Web page caption snippets:
--- START ---

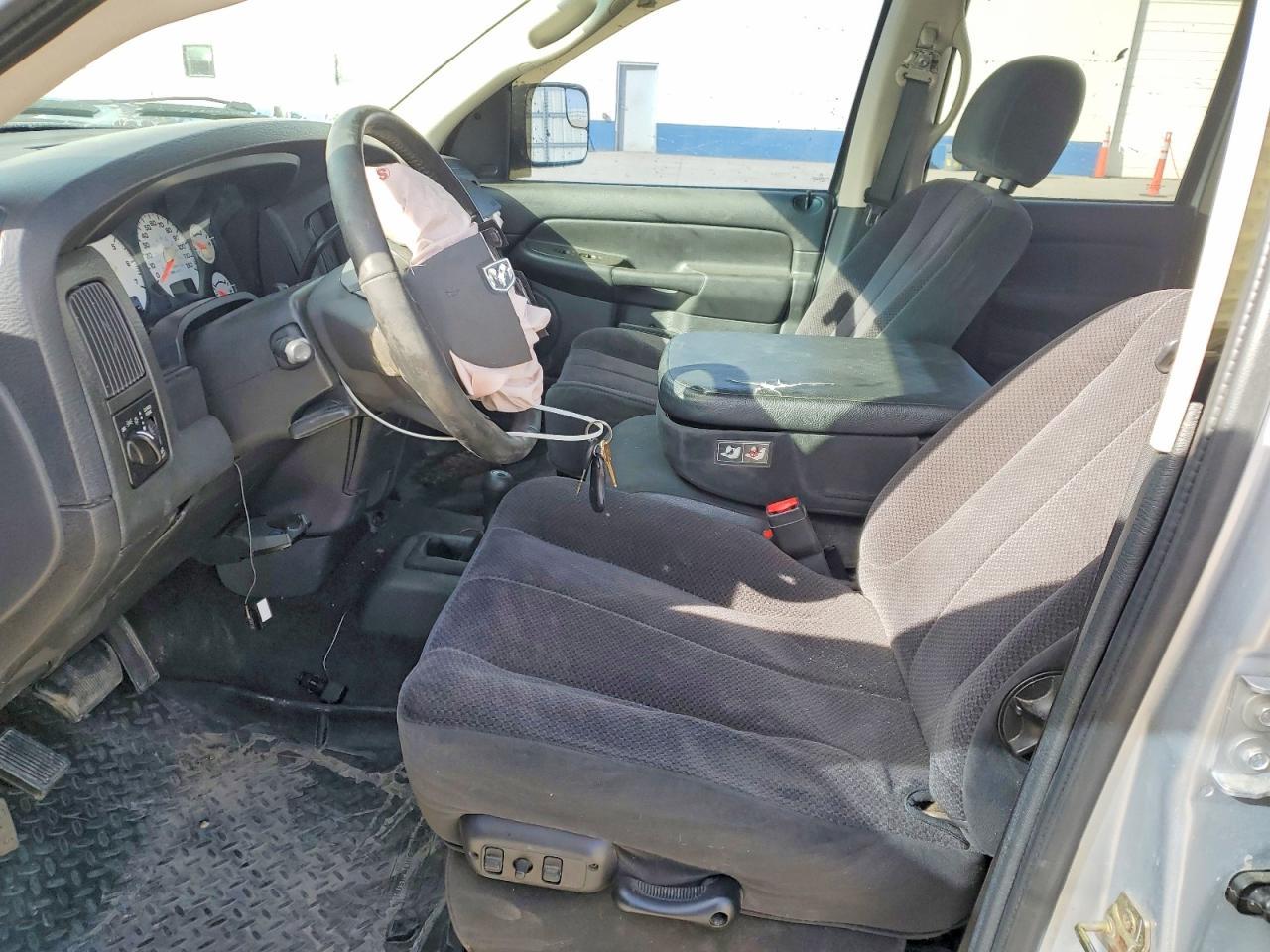 2005 Dodge RAM 2500 ST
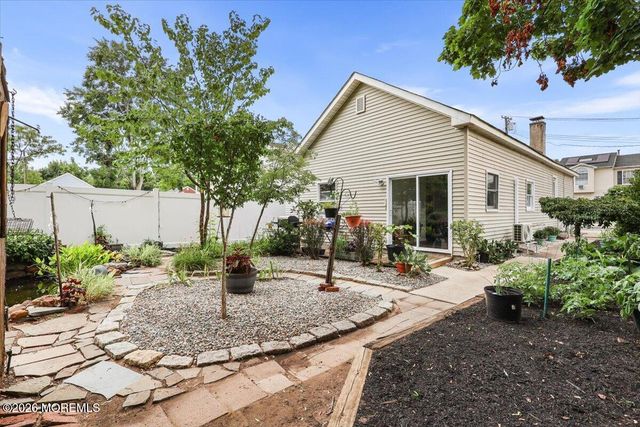 19 Manchester Avenue, Keyport, NJ 07735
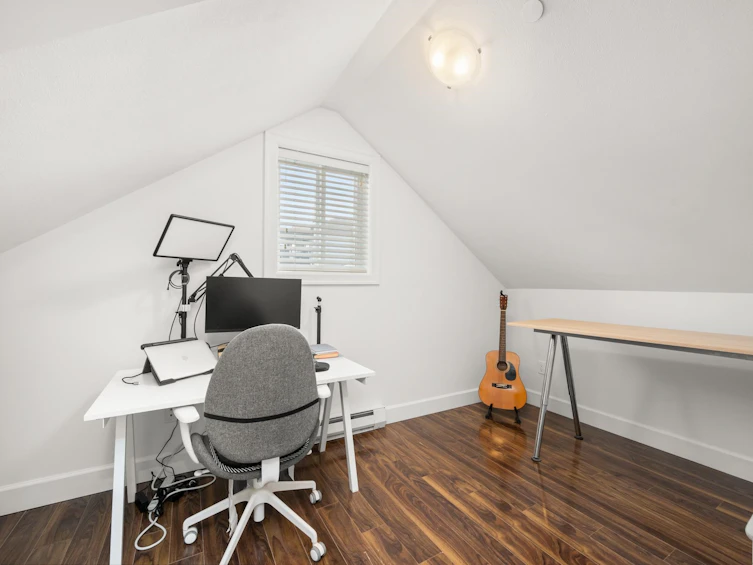 2643 E 8th Avenue, Vancouver, BC, V5M 1W4 - 34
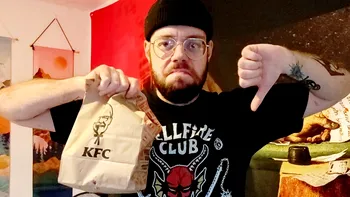 Înfometat să fii, ghinion să ai. Ce a găsit un bărbat într-un meniu fast food
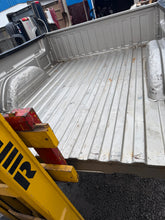 Load image into Gallery viewer, 1999-2006 chevy/gmc southern ROT FREE 6.6ft short bed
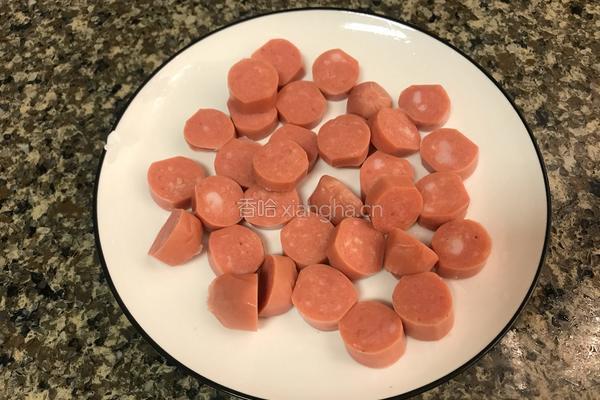 孜然香肠小土豆的做法图解2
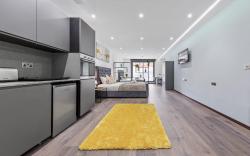 Luxury Sleeps 4 Studio Flat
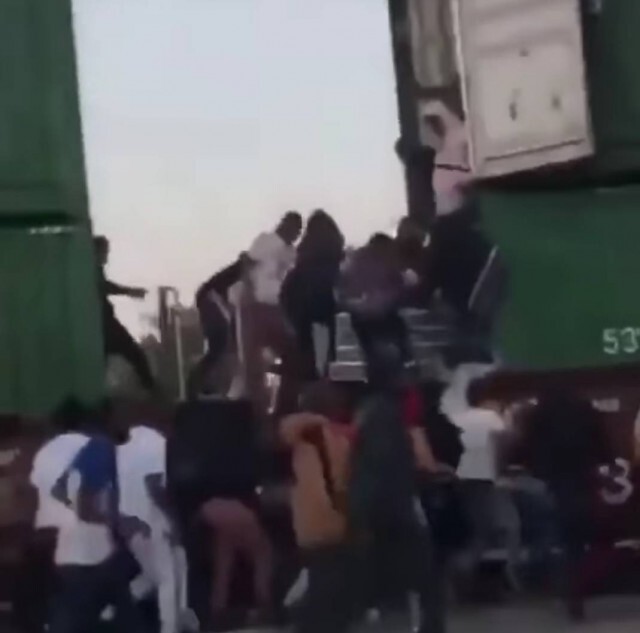 (คลิป)ม็อบสหรัฐ ดักปล้นขบวนรถไฟส่งสินค้า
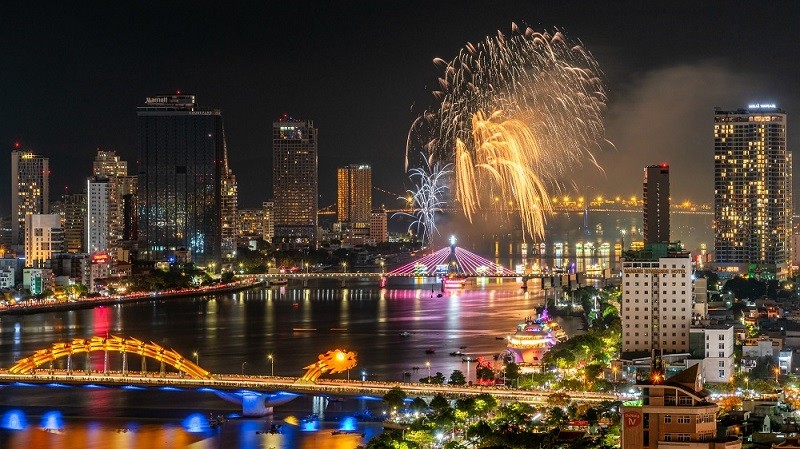 Lễ hội pháo hoa quốc tế Đà Nẵng trở thành thương hiệu của Đà Nẵng và liên tục được đổi mới về mặt công nghệ để đáp ứng nhu cầu của du khách. Ảnh: P.V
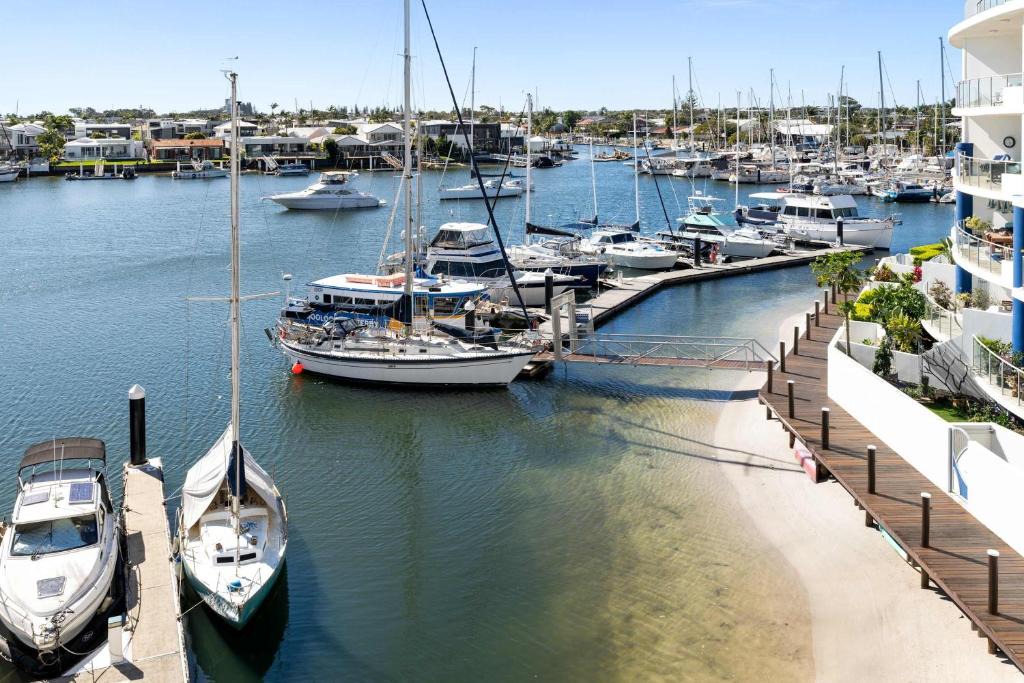 Minyama Apartment | Waterfront Elegance with Pool & Jetty Access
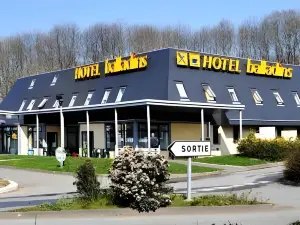 Acanthe Hotel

--- END ---

TASK DETAILS:
Copy out all the data above exactly as written. Skip the pictures.

RESULT FOR THIS TASK:
 2005 Dodge RAM 2500 ST
 19 Manchester Avenue, Keyport, NJ 07735
 2643 E 8th Avenue, Vancouver, BC, V5M 1W4 - 34
 Înfometat să fii, ghinion să ai. Ce a găsit un bărbat într-un meniu fast food
 Load image into Gallery viewer, 1999-2006 chevy/gmc southern ROT FREE 6.6ft short bed
 孜然香肠小土豆的做法图解2
 Luxury Sleeps 4 Studio Flat
 (คลิป)ม็อบสหรัฐ ดักปล้นขบวนรถไฟส่งสินค้า
 Lễ hội pháo hoa quốc tế Đà Nẵng trở thành thương hiệu của Đà Nẵng và liên tục được đổi mới về mặt công nghệ để đáp ứng nhu cầu của du khách. Ảnh: P.V
 Minyama Apartment | Waterfront Elegance with Pool & Jetty Access
 Acanthe Hotel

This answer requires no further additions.